N. 01488/2025 REG.RIC.
REPUBBLICA ITALIANA
IN NOME DEL POPOLO ITALIANO
Il Tribunale Amministrativo Regionale per la Calabria
(Sezione Seconda)
ha pronunciato la presente
SENTENZA
sul ricorso numero di registro generale 1488 del 2025, proposto da
SO US, in qualità di titolare della ditta RG MULTISERVICE, rappresentata e difesa dall’avvocato Giovanna Mazzei, con domicilio fisico eletto presso il suo studio in Lamezia Terme Via S. Miceli n. 24/O e domicilio digitale come da P.E.C. da Registri di Giustizia;
contro
Comune di Girifalco, non costituito in giudizio;
nei confronti
Scamar S.r.l., non costituito in giudizio;
per l'annullamento
della determina del Comune di Girifalco (CZ) n. 949, Registro Generale - proposta n. 1010, del 29 settembre 2025, a firma del Responsabile del procedimento e dell'Area Amministrativa, Dott.ssa Elisabetta Vinci, con la quale è stato disposto l'affidamento diretto del servizio di refezione scolastica presso la scuola dell'infanzia, primaria e secondaria di primo grado per l'anno scolastico 2025/2026, periodo ottobre 2025 – giugno 2026, in favore della ditta Scamar S.r.l.;
- nonché di ogni altro atto, anche non conosciuto, che sia preparatorio, presupposto, connesso o consequenziale rispetto alla suddetta determina, ivi compresi eventuali atti istruttori, pareri tecnici, relazioni, comunicazioni interne, atti di programmazione, atti di gara o di affidamento, che abbiano concorso alla formazione della volontà amministrativa o che ne costituiscano parte integrante.

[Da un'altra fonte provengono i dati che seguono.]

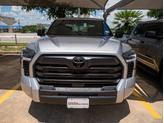 Thumbnail of 2025 Celestial Silver Metallic Toyota Tundra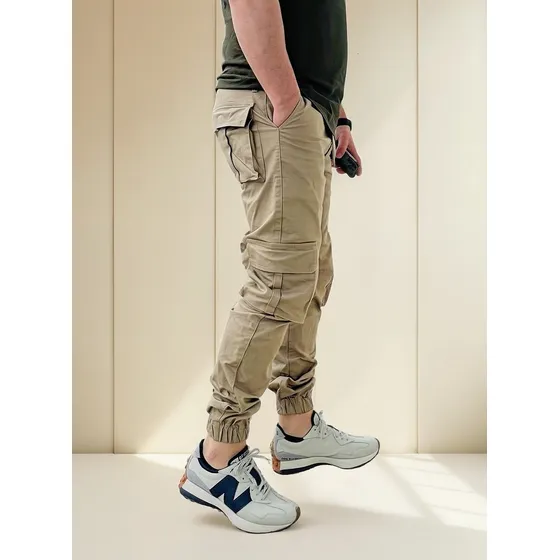 Camuflado Dril Hombre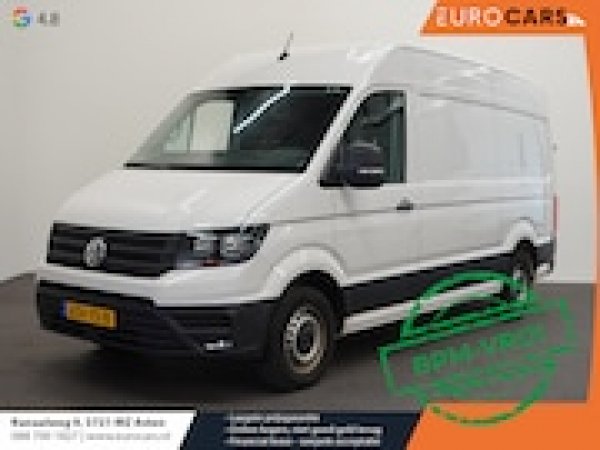 Foto van Volkswagen Crafter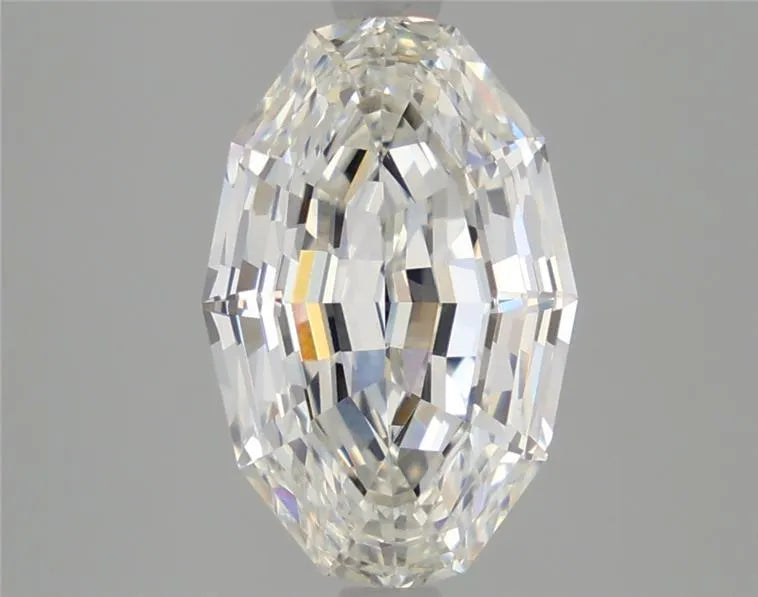 3.44ct Other Lab Grown Diamond (Colour G, Clarity VVS2, IGI Certified)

Visti il ricorso e i relativi allegati;
Visti tutti gli atti della causa;
Relatore nell'udienza pubblica del giorno 8 gennaio 2026 il dott. FE AF e udito il difensore di parte ricorrente;
Ritenuto e considerato in fatto e diritto quanto segue.
FATTO
Considerato che:
- con l’odierno ricorso, notificato il 21 ottobre 2025 e depositato in Segreteria il 31 ottobre, parte ricorrente ha dedotto: a) che in data 9 settembre 2025 il Comune di Girifalco ha pubblicato un avviso di indagine di mercato propedeutico all’indizione di una procedura negoziata ai sensi dell’art. 50 lett. b del d.lgs. n. 36/2023 per l’affidamento del servizio di refezione scolastica per la scuola dell’infanzia, primaria e secondaria di primo grado del Comune di Girifalco, da settembre 2025 a giugno 2026 (a.s. 2025/2026); b) di aver presentato domanda di partecipazione alla procedura in discorso; c) di non aver ricevuto alcun invito alla presentazione dell’offerta e di essersi dunque recata presso gli uffici del Comune, dove avrebbe appreso informalmente di essere stata esclusa dalla gara per rispetto del principio di rotazione; d) che con determina n. 949 del 29 settembre 2025, il Comune ha disposto l’affidamento diretto del servizio alla società Scamar s.r.l.;
- quest’ultimo provvedimento viene impugnato col ricorso in esame, affidato a due motivi in diritto;
- il Comune di Girifalco e Scamar s.r.l., pur ritualmente evocati in giudizio, non si sono costituiti;
- all’udienza pubblica dell’8 gennaio 2026, la causa è stata trattenuta in decisione.
DIRITTO
Con il primo motivo di ricorso parte ricorrente censura la violazione e falsa applicazione degli artt. 49 e 50 d.lgs. n. 36/2023 e precisamente l’erronea applicazione del principio di rotazione da parte del Comune di Girifalco.
Il motivo è infondato.
Infatti, nel caso di specie non è presente in atti un documento che comprovi che la ricorrente non ha ricevuto invito a presentare un’offerta tecnica in applicazione del principio di rotazione.
In mancanza di una prova documentale non vi sono elementi per giungere a questa conclusione, sia perché il provvedimento con cui si dispone l’affidamento diretto non vi fa alcun riferimento, sia perché non è possibile attribuire rilevanza in questa sede ad informazioni apprese informalmente da fonti non meglio precisate.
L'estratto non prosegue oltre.